Por esa razón, a lo largo de estos meses de campaña presidencial, señalé en mis artículos que la decisión de los ciudadanos ya estaba tomada, al margen de los resultados de los debates. Los ciudadanos habían decidido hacía mucho tiempo por quién votarían en las elecciones presidenciales, al igual que lo habían hecho en el 2012, al igual que lo tenían muy claro los nuevoleoneses cuando votaron por “El Bronco”.

Los ciudadanos sólo necesitaban un garante de las elecciones a falta de una segunda vuelta, para con su voto hacer de AMLO su presidente. El 35.29% del total de los votos obtenidos por AMLO en 2006, frente al 35.91% de Felipe Calderón, no fue suficiente para hacerlo presidente; ni el 31.57%, frente al 38.20% de Enrique Peña Nieto. Se requería una aplastante votación para no dejar lugar a duda del enojo de los ciudadanos, de su molestia por no tener un empleo digno, de su molestia por los evidentes actos de corrupción impunes, por la inseguridad y la violencia en el país; de tal forma que fue preciso que el 53.2% de los ciudadanos votaran por él para no dejar lugar a dudas de la indignación de los ciudadanos y de su enojo.

Sin duda alguna lo importante no es ganar el poder con las armas o por la vía electoral, lo determinante es saber que hacer al siguiente día en que se asume el poder, materializar las promesas hechas al pueblo. Definitivamente, sin refundar las instituciones del Estado, sin modernizar su funcionamiento, sin cambiar la forma de administrar los asuntos públicos, sin cambiar la visión sobre México y sobre la forma en que hoy se desenvuelve la geopolítica en el planeta, sin cambiar la política económica y usarla para instrumentar el crecimiento económico y el desarrollo social, será difícil hacer historia en México y transformarlo; darle trabajo a millones de mexicanos que sobreviven en la economía informal y ofrecerles una vida digna a los más de 55 millones de pobres de nuestro país, de emplear a los miles de mexicanos graduados en el extranjero y marginados de la vida productiva de la nación.

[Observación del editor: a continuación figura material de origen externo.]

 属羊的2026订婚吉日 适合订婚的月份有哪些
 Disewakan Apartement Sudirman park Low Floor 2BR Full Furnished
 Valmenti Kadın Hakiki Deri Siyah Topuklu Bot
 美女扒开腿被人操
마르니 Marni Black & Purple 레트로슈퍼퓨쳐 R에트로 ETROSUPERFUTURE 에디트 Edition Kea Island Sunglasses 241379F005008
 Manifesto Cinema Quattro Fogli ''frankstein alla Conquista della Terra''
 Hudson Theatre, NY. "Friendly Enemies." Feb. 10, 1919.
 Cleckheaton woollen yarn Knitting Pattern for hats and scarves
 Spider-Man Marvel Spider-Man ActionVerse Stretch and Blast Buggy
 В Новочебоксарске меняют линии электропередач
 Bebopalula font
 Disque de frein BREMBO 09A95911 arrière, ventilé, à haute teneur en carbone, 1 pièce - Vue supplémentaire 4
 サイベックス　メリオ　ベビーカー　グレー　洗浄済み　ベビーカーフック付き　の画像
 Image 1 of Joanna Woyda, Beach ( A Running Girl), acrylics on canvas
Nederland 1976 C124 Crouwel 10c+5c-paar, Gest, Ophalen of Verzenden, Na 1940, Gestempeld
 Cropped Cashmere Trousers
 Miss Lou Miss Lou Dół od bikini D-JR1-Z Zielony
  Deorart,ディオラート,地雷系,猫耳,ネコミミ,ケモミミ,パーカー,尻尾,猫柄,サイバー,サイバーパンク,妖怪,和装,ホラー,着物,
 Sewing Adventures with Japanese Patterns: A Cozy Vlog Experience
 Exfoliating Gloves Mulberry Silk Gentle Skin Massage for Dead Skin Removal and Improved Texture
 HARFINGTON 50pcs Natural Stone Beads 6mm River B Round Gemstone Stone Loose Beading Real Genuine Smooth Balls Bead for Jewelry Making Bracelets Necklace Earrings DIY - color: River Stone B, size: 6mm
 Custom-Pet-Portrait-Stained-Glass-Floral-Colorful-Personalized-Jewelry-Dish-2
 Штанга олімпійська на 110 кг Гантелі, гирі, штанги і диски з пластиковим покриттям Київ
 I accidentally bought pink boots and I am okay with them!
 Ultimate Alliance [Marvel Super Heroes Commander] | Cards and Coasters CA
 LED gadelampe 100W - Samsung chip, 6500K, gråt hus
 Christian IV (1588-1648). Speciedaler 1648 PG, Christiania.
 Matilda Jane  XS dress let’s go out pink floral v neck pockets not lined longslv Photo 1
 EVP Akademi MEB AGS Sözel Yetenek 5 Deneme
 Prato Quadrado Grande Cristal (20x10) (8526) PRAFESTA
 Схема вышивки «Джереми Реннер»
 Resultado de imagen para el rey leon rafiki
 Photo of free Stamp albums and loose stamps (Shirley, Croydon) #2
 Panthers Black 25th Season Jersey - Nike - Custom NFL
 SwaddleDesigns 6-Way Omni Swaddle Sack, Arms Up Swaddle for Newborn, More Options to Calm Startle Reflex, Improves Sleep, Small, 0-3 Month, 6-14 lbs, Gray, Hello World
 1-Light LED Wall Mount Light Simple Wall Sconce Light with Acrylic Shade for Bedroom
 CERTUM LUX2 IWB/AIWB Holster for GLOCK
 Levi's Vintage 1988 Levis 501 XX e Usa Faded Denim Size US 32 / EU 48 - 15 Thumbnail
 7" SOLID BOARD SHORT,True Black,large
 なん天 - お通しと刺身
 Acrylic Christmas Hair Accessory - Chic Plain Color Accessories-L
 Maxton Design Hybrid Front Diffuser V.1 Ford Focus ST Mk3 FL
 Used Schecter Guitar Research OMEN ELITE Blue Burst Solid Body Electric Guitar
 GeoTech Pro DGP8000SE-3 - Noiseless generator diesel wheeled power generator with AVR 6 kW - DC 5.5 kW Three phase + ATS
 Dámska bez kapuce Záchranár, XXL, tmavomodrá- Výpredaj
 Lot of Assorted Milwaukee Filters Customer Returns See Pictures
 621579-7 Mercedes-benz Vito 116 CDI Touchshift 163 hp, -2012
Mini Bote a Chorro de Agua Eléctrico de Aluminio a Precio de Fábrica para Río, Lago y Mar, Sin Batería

Los sexenios que han pasado hasta hoy han llevado a la administración pública, a los puestos de dirección (Secretarios, Subsecretarios, Directores Generales y Adjuntos, Directores de Área, entre otros) a una generación de hombres y mujeres que tienen una visión distinta del México y del mundo a la del AMLO y su gabinete. Es por ello que para transformar al país y hacer historia, necesita llevar a esos puestos a quienes desde las aulas universitarias, desde los medios, desde las calles, desde las zonas obreras y centros de trabajo, han luchado durante años por hacer de México un país diferente al que se ha construido hasta hoy. Quienes han estado durante las dos últimas décadas dirigiendo el país, sólo administrándolo ¿Por qué ahora podrían ayudar a cambiarlo, sino lo hicieron antes y no lo han hecho?